Site-specific installation, Española Way, 2021

A collaboration between Betancourt and architect Alberto Latorre, Milagros! is an ephemeral installation inspired by an old folk custom traceable to the ancient Iberians who inhabited the coastal regions of Spain. The work is composed of hundreds of charms hanging on wire garlands above the street, presented as symbols of devotion, hope, and healing. These charms can usually be seen attached to altars and shrines, often presented as a votive offering for healing purposes. Also called ex-votos or promesas they can be found internationally, but particularly in Latin America. Depending on local customs, they can be made of different materials but are generally tin and metals. A mechanism to activate the viewer’s wishes and desires, Milagros alludes to the importance of history, traditions, and cultural heritage in the context of an increasingly hegemonic contemporary culture.

In developing the work, Betancourt invited friends and the public to submit their most significant desires and wishes which he utilized for inspiration and direction. On the public unveiling, viewers are invited to process the suspended “temple” above their heads as a way to symbolically activate the installation.

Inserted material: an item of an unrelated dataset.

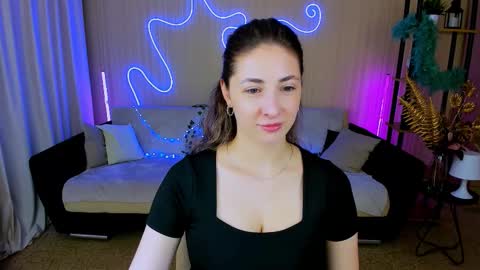 sensitiveheartt online show from September 28, 7:23 pm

Carlos Betancourt (born San Juan, Puerto Rico 1966) is an American artist, generally described as a multi-disciplinary artist. His artworks explore issues of memory, and his own experiences, while also dwelling in issues of nature, the environment and matters of beauty, identity, and communication. By means of re-examination, he recycles and reinterprets the past by delivering it in a fresh and new relevant context. Influenced by personal memories, he believes that art can be informed by one’s own experiences, not necessarily the other way around.

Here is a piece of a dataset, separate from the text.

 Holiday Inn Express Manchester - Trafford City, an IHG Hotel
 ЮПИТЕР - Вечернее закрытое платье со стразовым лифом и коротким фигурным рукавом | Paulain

Mr. Betancourt’s artwork is part of public collections such as the Smithsonian’ National Portrait Gallery in Washington, D.C., the Metropolitan Museum of Art in New York, NSU Art Museum Fort Lauderdale, San Antonio Museum of Art, Texas, New Orleans Museum of Art, Louisiana, Palm Springs Arts Museum, California, Bass Museum of Art, Florida, PAMM Perez Art Museum, Florida, Museo de Arte Ponde, Puerto Rico. His work is exhibited in various galleries as well as art fairs such as Art Basel and Arco. He is the recipient of numerous awards and grants, including the Florida Department of State Millennium Cultural Recognition Award, a National Endowment for the Arts Grant, Bas-Fisher Invitational Grant, the Florida Prize on Contemporary Art People Choice Award, and the Miami Beach Cultural Arts Council Grant . He has worked as a curator, furniture designer and has collaborated in architectural and site-specific private and public commissions with architect Alberto Latorre.